## Task
Copy out exactly the stretch below, from the line with "So, if you want" through the line with "If you have", both included; the pictures stay out.

## Source data
_ _ _ _ _ _ _

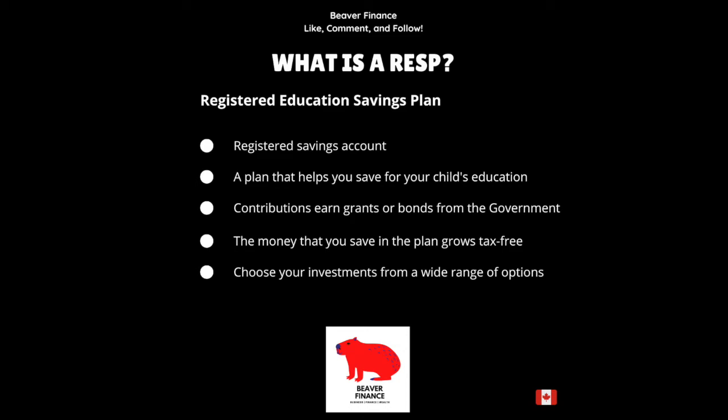Thank you for listening to another edition of Beaver Finance. We hope you learned a lot about RESPs. Please be sure to like, comment, subscribe, follow, and we look forward to hearing from you. Thank you. Bye.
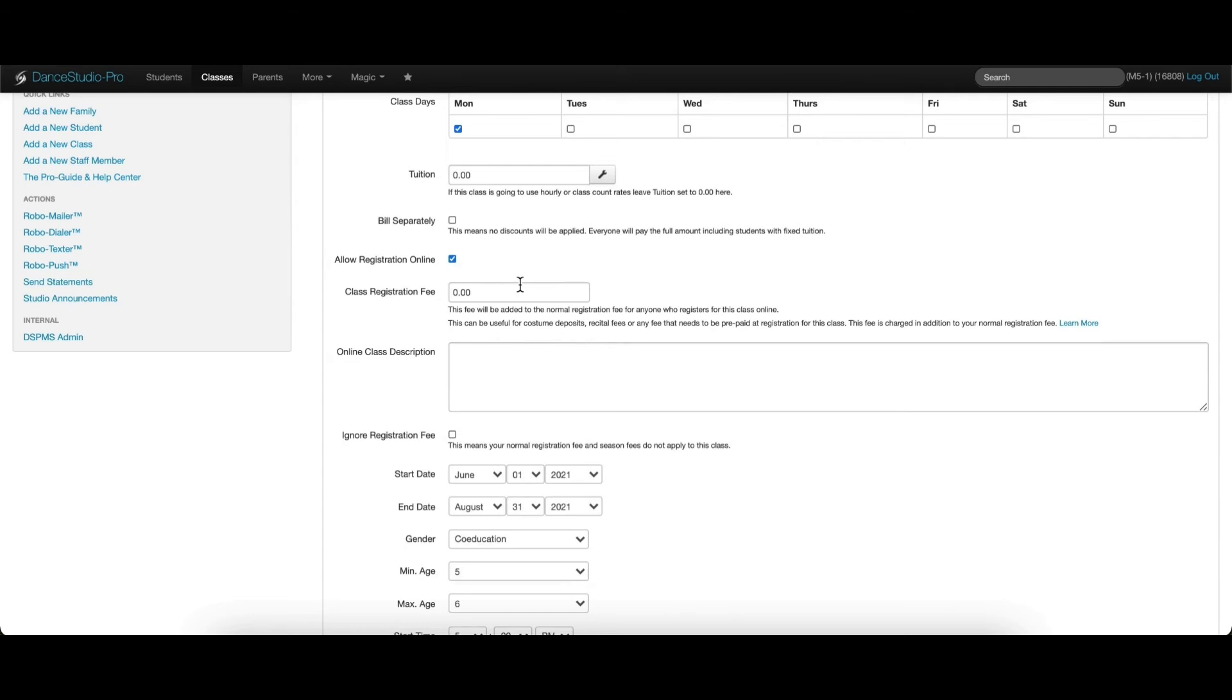When you set up a class registration fee, the fee is charged to every student that registers for this class. If you set up a class registration fee on all of your classes, students are charged the fee for each class they register for. This is a great option for collecting class costume deposits or other extra fees specific to a class.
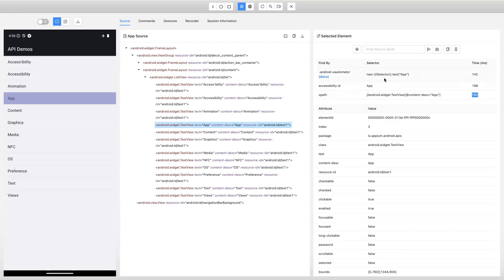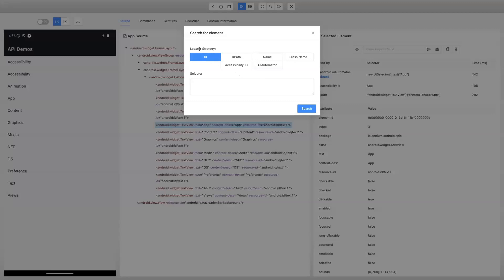There is also an option in the inspector where you can search for a particular element, whether it is present in the application with the help of a selector. So if I select Android UI Automator and copy this selector value, on the top you will see there is a 'search for element' option. If I click here, you will see the different locator strategies present for this particular driver: ID, XPath, name, class name, accessibility ID, and UI Automator — all of which we have discussed, and they also show up in your Appium inspector.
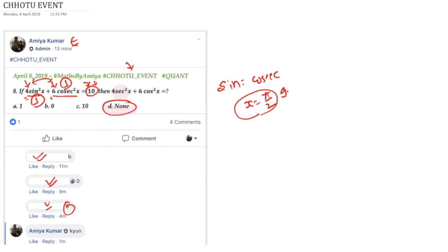If we have 90 degrees, we generally say cos is equal to 0, but sec is infinite. So infinite plus 0 is infinite. Answer of this question is none.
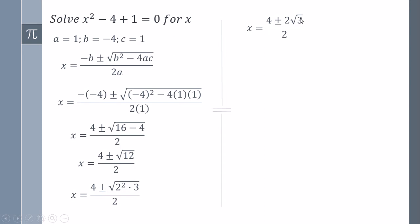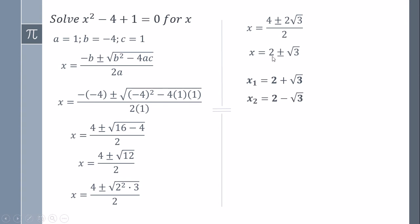Once we have the 2 out of the root, we know that this denominator, because it is sum and rest, we can divide both. So we have this as the answer, x1 and x2. I hope it has worked for you, and see you the next video.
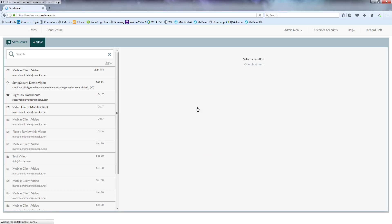You'll be taken immediately to the safe box area of your SendSecure environment in which we want to click on the new button on the top left.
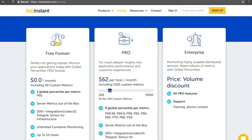So, if you want an extra 1000 custom metrics, it will only cost you $57 per month.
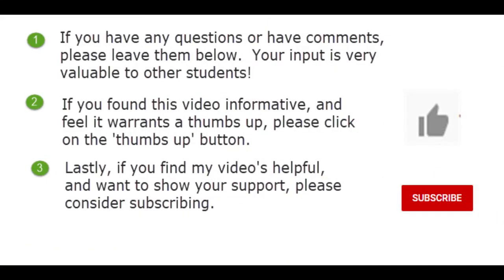If you have any questions or comments please leave them below and if you found this video informative and it warrants a thumbs up please click that. And lastly, if you'd like to support my channel please consider subscribing. Thank you team.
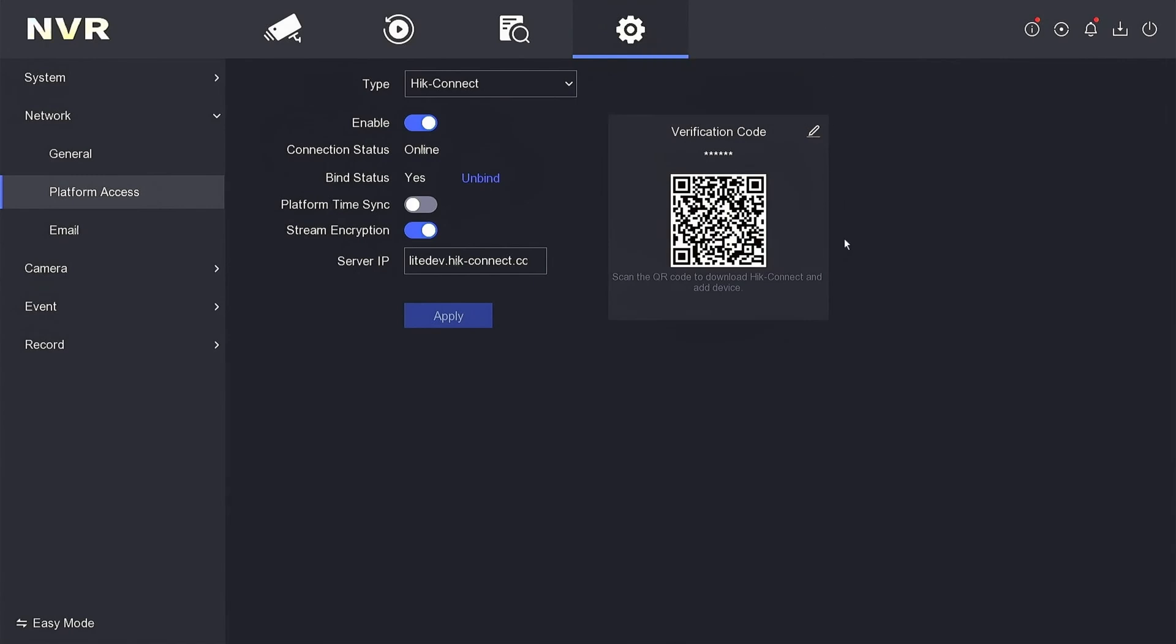Your verification code has now been updated. This code enhances security when monitoring via mobile devices, preventing unauthorized access to your DVR.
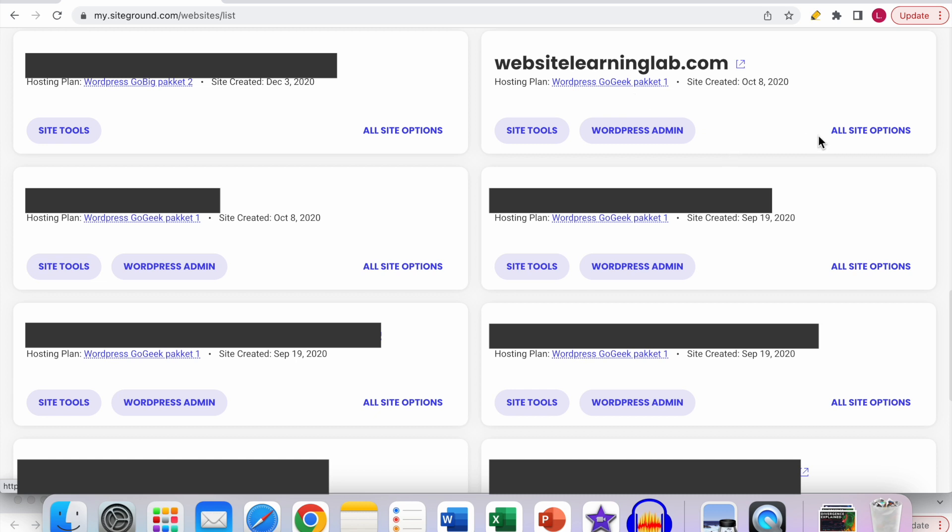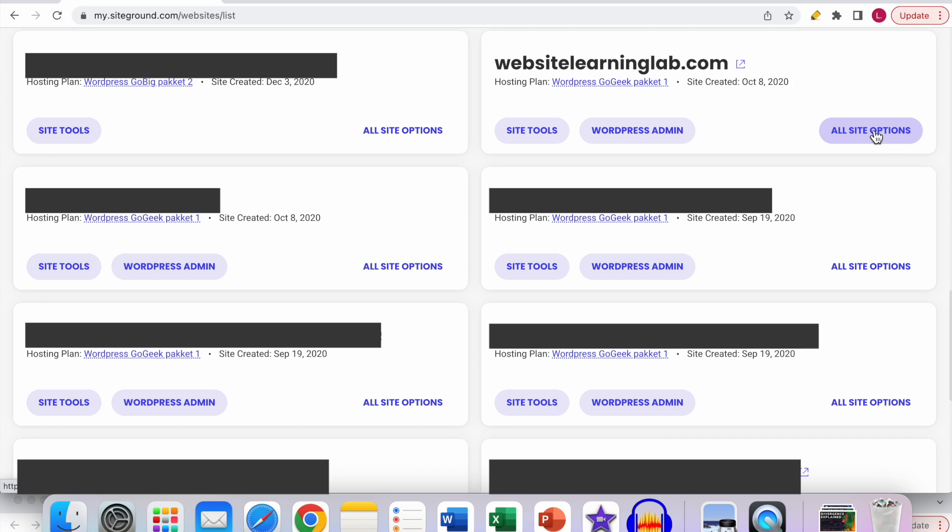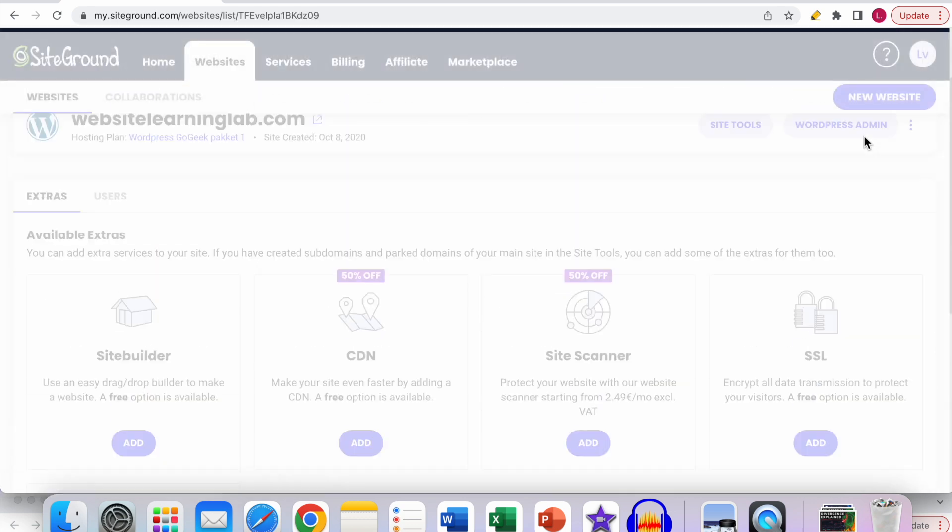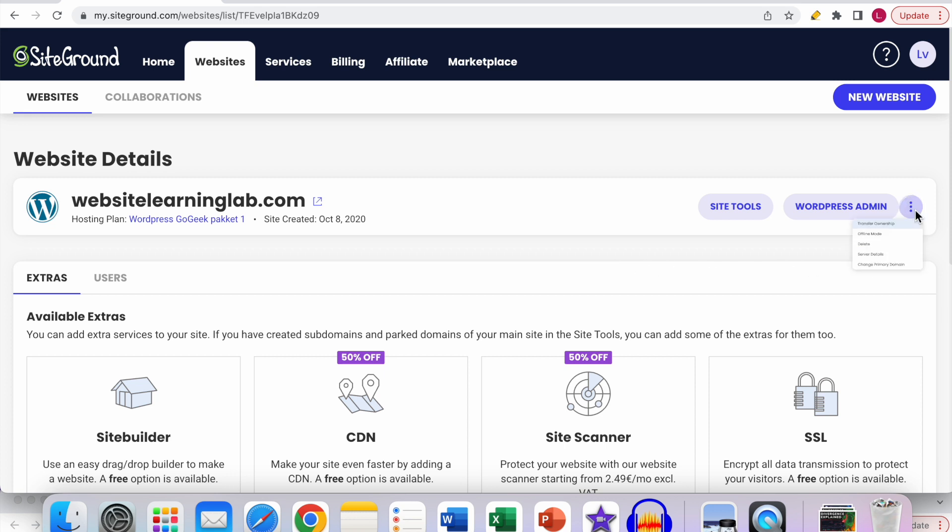The next thing you have to do is go to the all site options. So click on it. Now you can see this screen will load. And then you have to go to this option over here with three dots. So click on the three dots. And over here you can see delete.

_ _ _ _ _ _ _

## Completed task
So, if you want an extra 1000 custom metrics, it will only cost you $57 per month.
If you have any questions or comments please leave them below and if you found this video informative and it warrants a thumbs up please click that. And lastly, if you'd like to support my channel please consider subscribing. Thank you team.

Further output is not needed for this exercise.